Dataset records
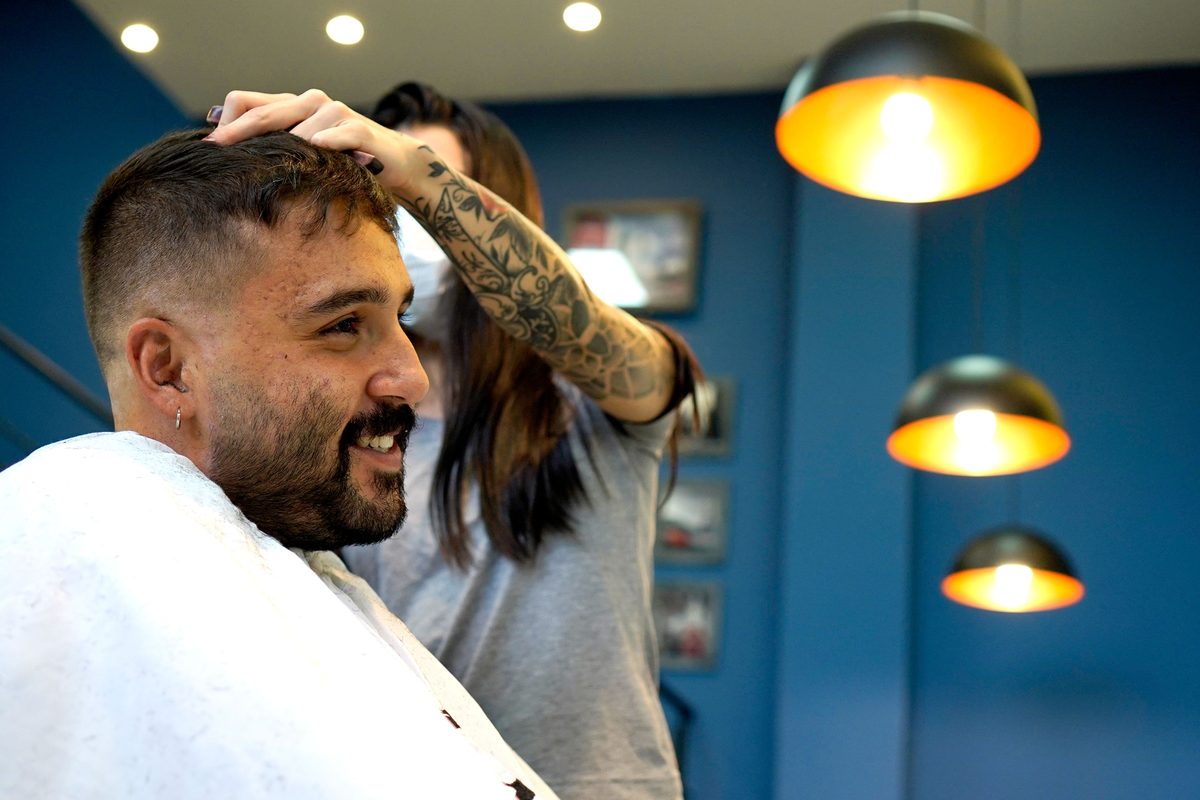 Modern salon cut hairstyle shown on a young man.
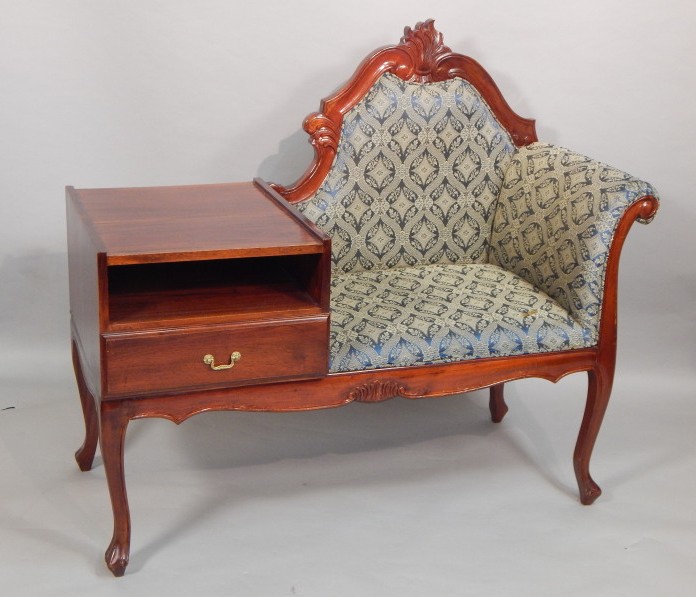 Appraisal: A modern hardwood telephone seat with a padded seating section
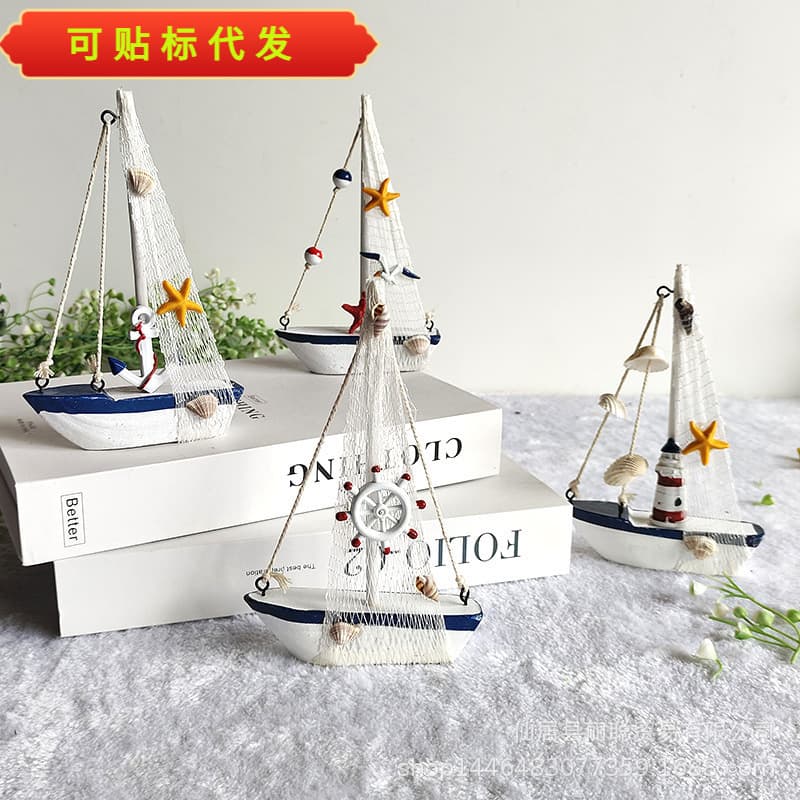 New Mediterranean home decor items: blue and white seashell sailboat handicrafts and gifts, symbolizing smooth sailing.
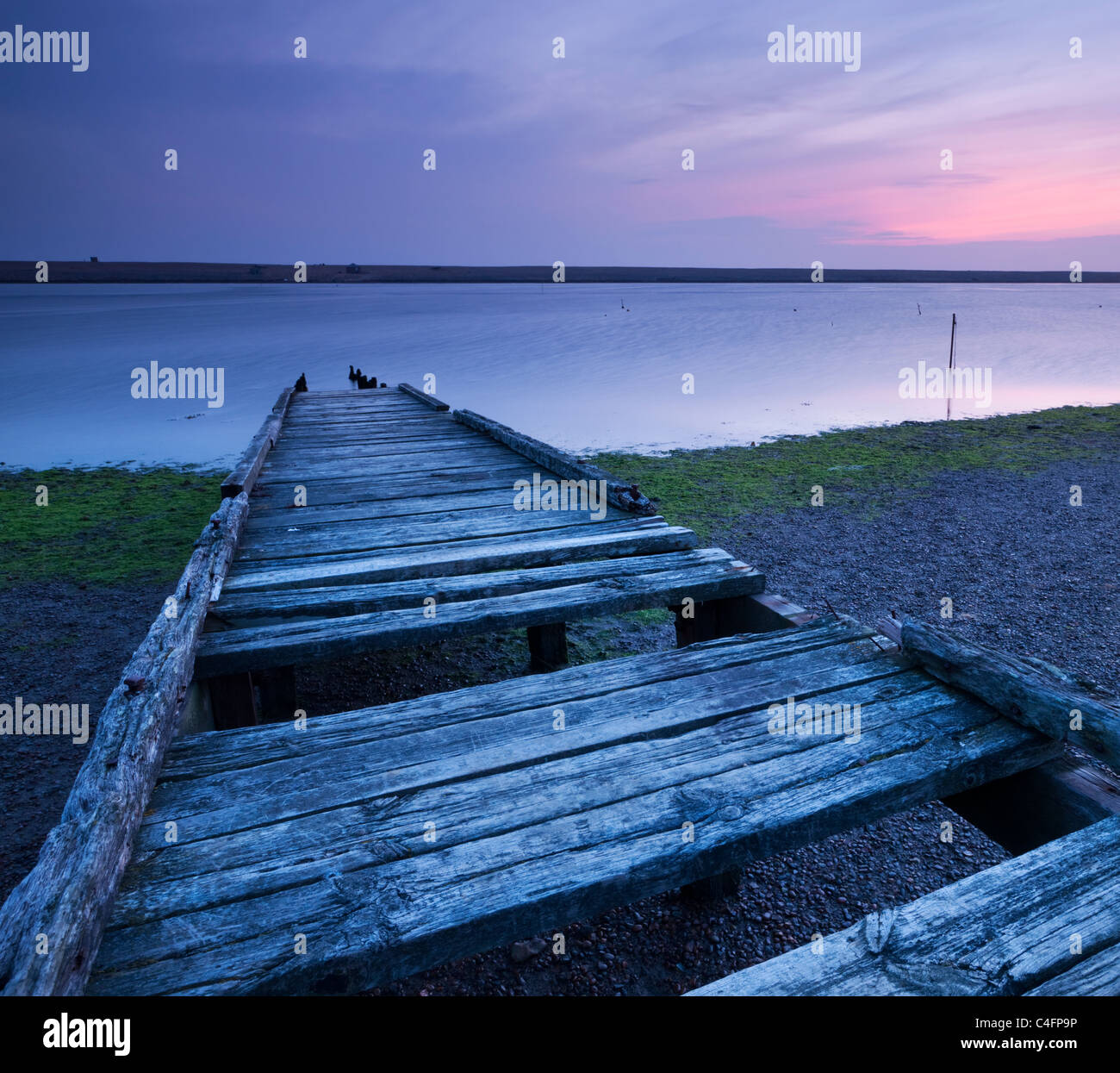 Run down wooden jetty on The Fleet lagoon, looking towards Chesil Beach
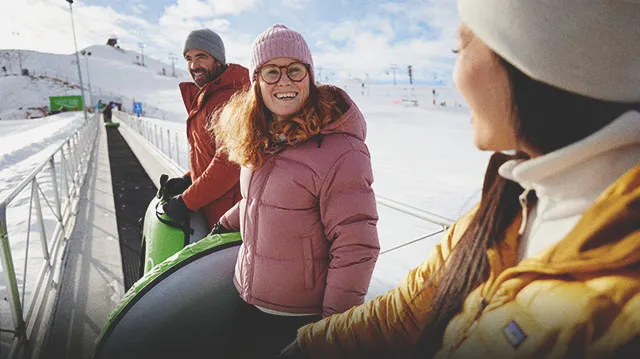 three friends riding the conveyer up WinSport snow hill with snow tubes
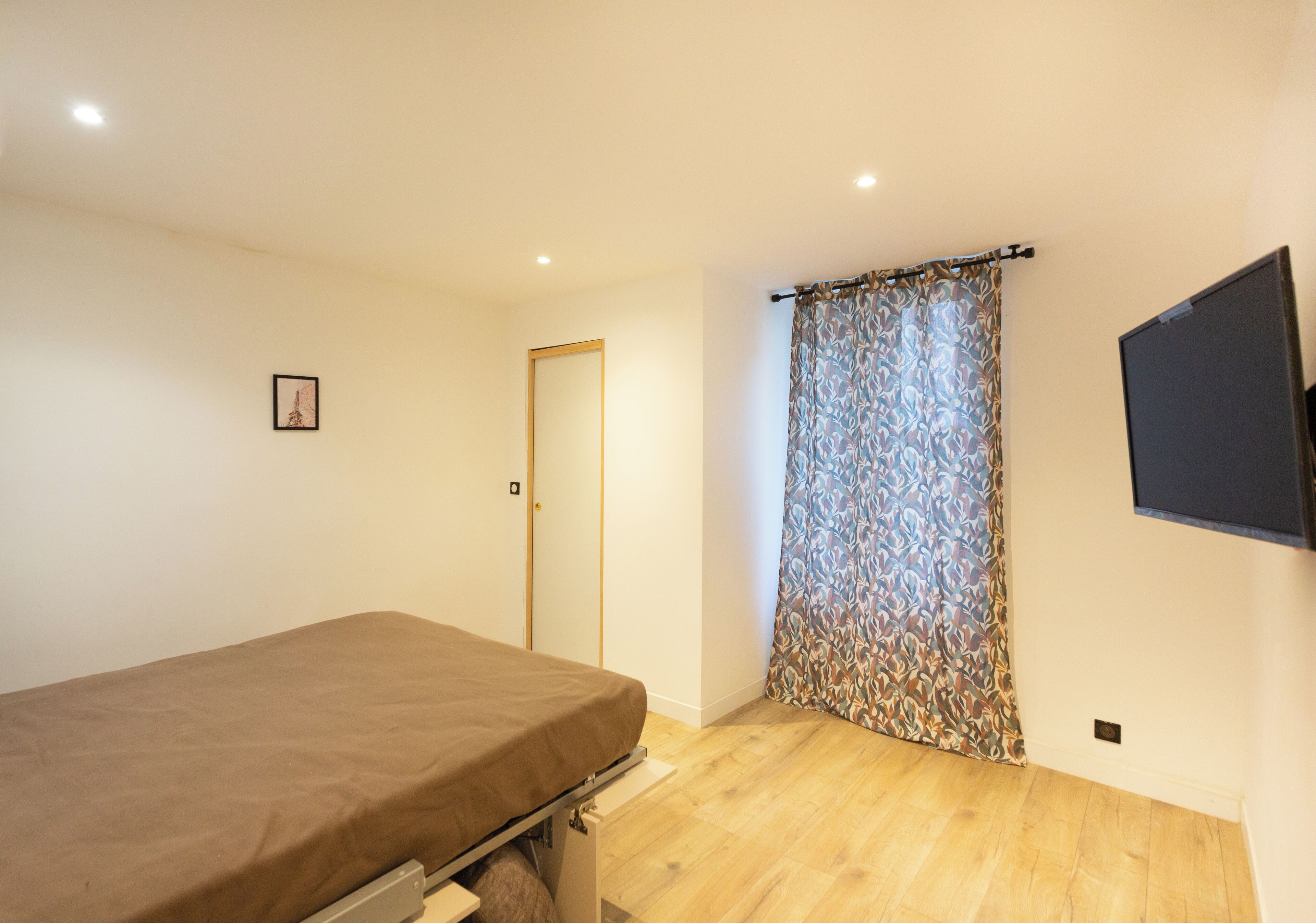 A bedroom with a bed, a door, a patterned curtain, and a mounted TV.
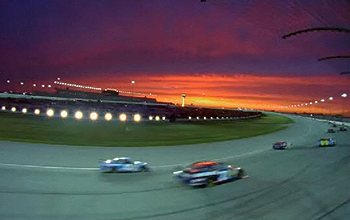 Several race cars rounding a turn at a racetrack at sunset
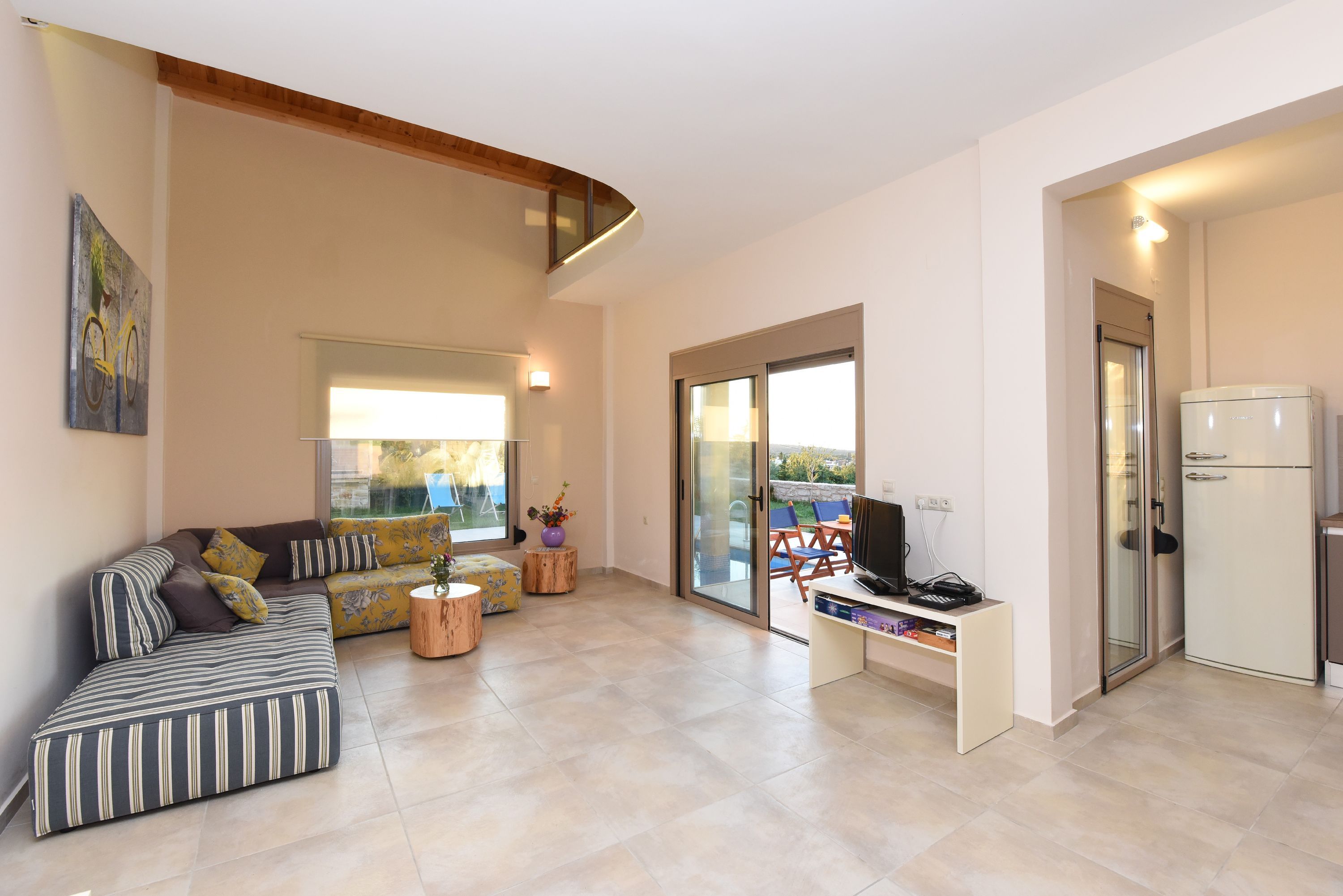 A modern living room with a sofa, a television, and a kitchen area with a refrigerator.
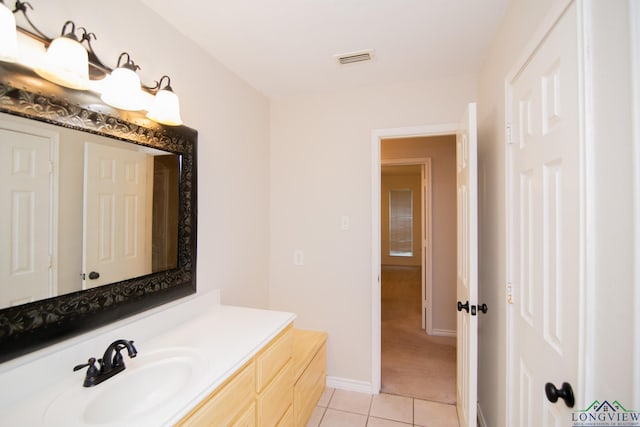 bathroom with tile patterned flooring and vanity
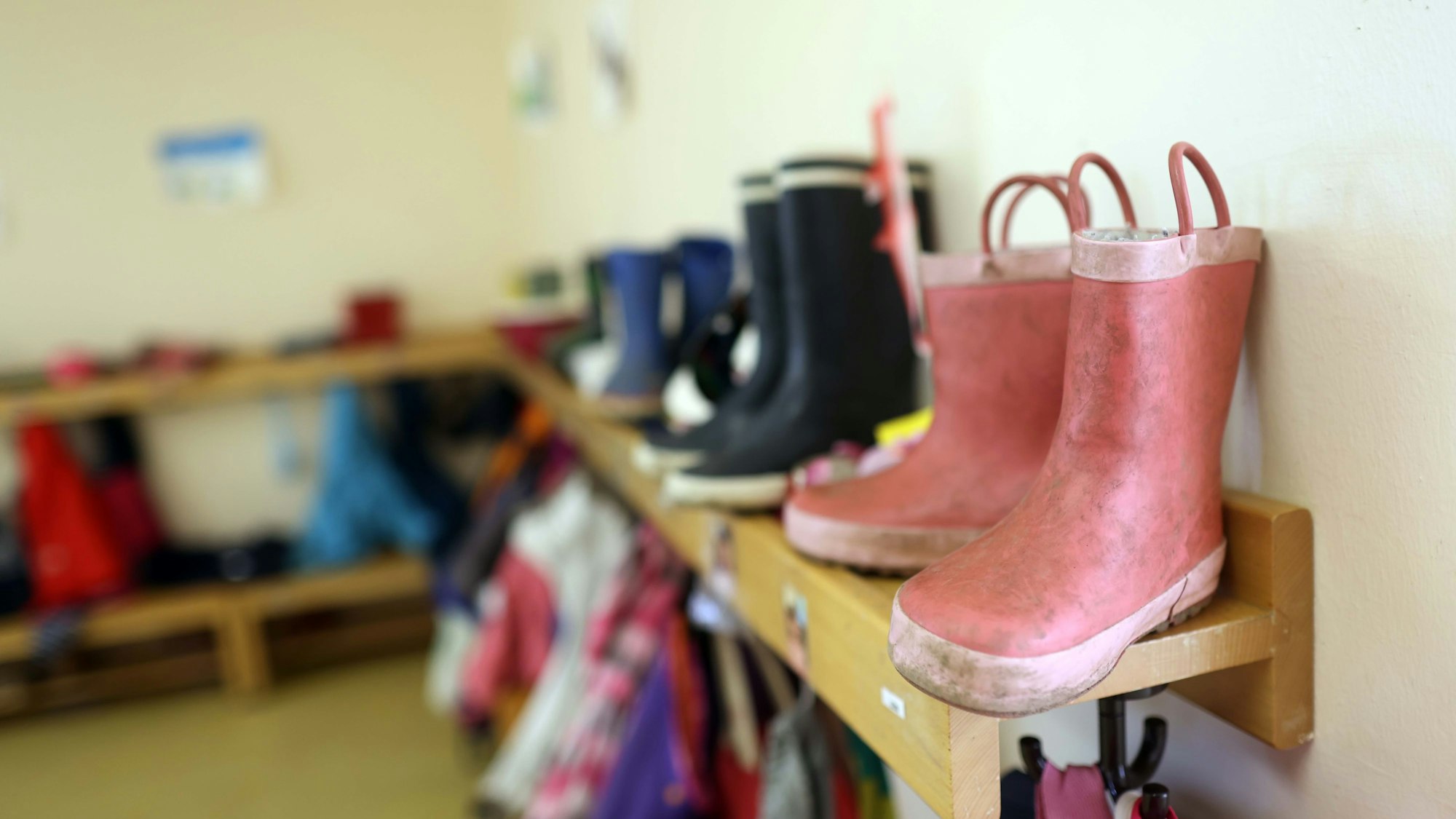 Kinder-Gummistiefel stehen auf einem Regal.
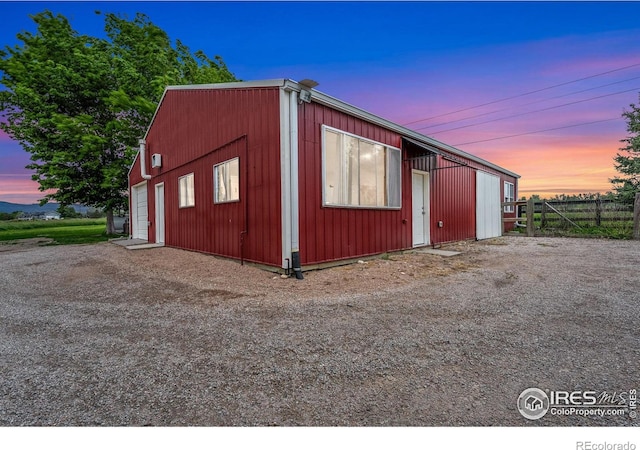 7215 Hygiene Rd, Longmont, CO 80503 - outdoor structure at dusk featuring dirt driveway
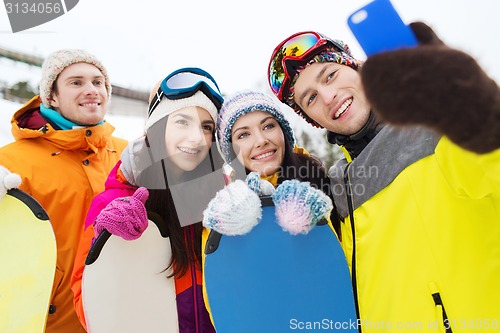 Image of happy friends with snowboards and smartphone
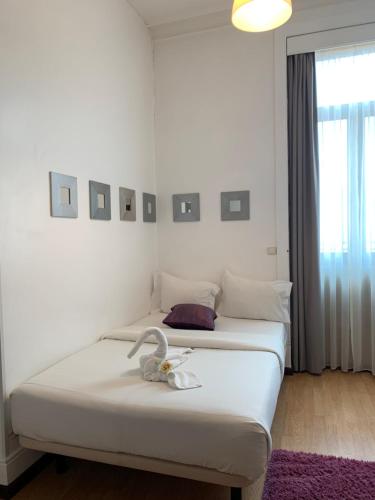 um quarto com duas camas com um cisne em Pensao Central em Matosinhos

WHAT YOU ARE ASKED TO DO
Send back the data above verbatim, leaving out its pictures.

PROBLEM SOLUTION
 Modern salon cut hairstyle shown on a young man.
 Appraisal: A modern hardwood telephone seat with a padded seating section
 New Mediterranean home decor items: blue and white seashell sailboat handicrafts and gifts, symbolizing smooth sailing.
 Run down wooden jetty on The Fleet lagoon, looking towards Chesil Beach
 three friends riding the conveyer up WinSport snow hill with snow tubes
 A bedroom with a bed, a door, a patterned curtain, and a mounted TV.
 Several race cars rounding a turn at a racetrack at sunset
 A modern living room with a sofa, a television, and a kitchen area with a refrigerator.
 bathroom with tile patterned flooring and vanity
 Kinder-Gummistiefel stehen auf einem Regal.
 7215 Hygiene Rd, Longmont, CO 80503 - outdoor structure at dusk featuring dirt driveway
 Image of happy friends with snowboards and smartphone
 um quarto com duas camas com um cisne em Pensao Central em Matosinhos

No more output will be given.